Roland is more connected with people, and doesn’t share James’ vision, but he’s also hollow. He follows in James’ footsteps because James pulls him in his wake and he has nothing strongly pulling him anywhere else. He helps James navigate the ‘people’ side of the business, because Roland is good with people, but he’s good at being charming and convincing: he doesn’t really give a shit about any of them either. He spends his life picking up after James. The (admittedly deeply moving — I cried) scene towards the end can be read as evidence of the profound friendship and love between the two. Or is it about how Roland is nothing, literally nothing, he has no substance, without James? The ending of the novel suggests the latter interpretation.
And this brings me back to Trollope and Thackeray. Drayton and Mackenzie reminded me of Trollope’s Palliser novels, which focus on ‘big’ political and financial themes, in its broad portrayal of socioeconomic structures and drivers in the first two decades of the 21st century. It reminded me of Thackeray in it’s affectionate but biting portrayal of individuals, highlighting the hypocrisy and emptiness behind their superficial splendour.
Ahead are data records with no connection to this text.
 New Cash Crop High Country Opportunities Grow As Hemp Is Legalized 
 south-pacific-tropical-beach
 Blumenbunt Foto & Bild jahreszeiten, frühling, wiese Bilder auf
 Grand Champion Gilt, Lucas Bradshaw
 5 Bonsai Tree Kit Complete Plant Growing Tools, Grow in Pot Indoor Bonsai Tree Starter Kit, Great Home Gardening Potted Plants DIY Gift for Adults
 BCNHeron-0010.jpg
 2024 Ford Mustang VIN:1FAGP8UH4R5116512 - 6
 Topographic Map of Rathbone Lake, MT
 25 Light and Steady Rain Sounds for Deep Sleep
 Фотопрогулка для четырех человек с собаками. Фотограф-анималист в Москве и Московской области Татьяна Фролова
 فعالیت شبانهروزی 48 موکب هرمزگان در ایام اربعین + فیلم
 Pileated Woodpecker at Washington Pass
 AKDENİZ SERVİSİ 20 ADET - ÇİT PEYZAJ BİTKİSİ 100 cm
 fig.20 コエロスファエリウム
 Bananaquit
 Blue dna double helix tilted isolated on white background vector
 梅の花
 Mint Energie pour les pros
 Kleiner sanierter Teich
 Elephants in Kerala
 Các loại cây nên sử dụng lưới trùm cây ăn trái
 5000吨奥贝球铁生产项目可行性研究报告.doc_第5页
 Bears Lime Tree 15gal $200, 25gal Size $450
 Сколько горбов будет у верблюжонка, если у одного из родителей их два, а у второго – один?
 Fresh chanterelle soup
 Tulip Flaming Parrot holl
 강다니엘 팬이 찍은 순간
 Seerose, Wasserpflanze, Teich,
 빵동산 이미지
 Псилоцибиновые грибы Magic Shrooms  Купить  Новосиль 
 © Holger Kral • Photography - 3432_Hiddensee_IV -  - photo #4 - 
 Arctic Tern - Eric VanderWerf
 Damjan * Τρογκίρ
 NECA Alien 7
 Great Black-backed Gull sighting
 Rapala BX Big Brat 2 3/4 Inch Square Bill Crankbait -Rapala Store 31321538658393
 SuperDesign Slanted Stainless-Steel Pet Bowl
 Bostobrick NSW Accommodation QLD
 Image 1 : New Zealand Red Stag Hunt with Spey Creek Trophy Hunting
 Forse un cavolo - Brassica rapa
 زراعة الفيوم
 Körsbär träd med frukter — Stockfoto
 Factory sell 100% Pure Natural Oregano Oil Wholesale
So yes, a lot to contend with here. I was tempted to pull it down to 4 stars instead of 5, but I think that would be punishing it unduly. Yes, it’s long and yes, there are things that I might have preferred to be edited out. But ultimately, I think this is indeed a ‘big’ novel that is important and weighty. And I think many reviewers have not done it justice.
(For example, it is SO much better than that piece of boring, pretentious crap that was unjustifiably lauded as being a great work of literature. I’m talking, of course about The Goldfinch.)
Drayton and Mackenzie might not be for everyone, but it’s a fine work of contemporary literature that is worthy of a place on a shelf with some classic English novels. Certainly, if you’re turned off by all the hype about ‘bromance’ and startups, don’t be. There’s a lot more depth to this novel than it’s been given credit for.
My thanks to the publisher, author and Netgalley for giving me an ARC. All my reviews are 100% honest and unbiased, regardless of how I acquire the book.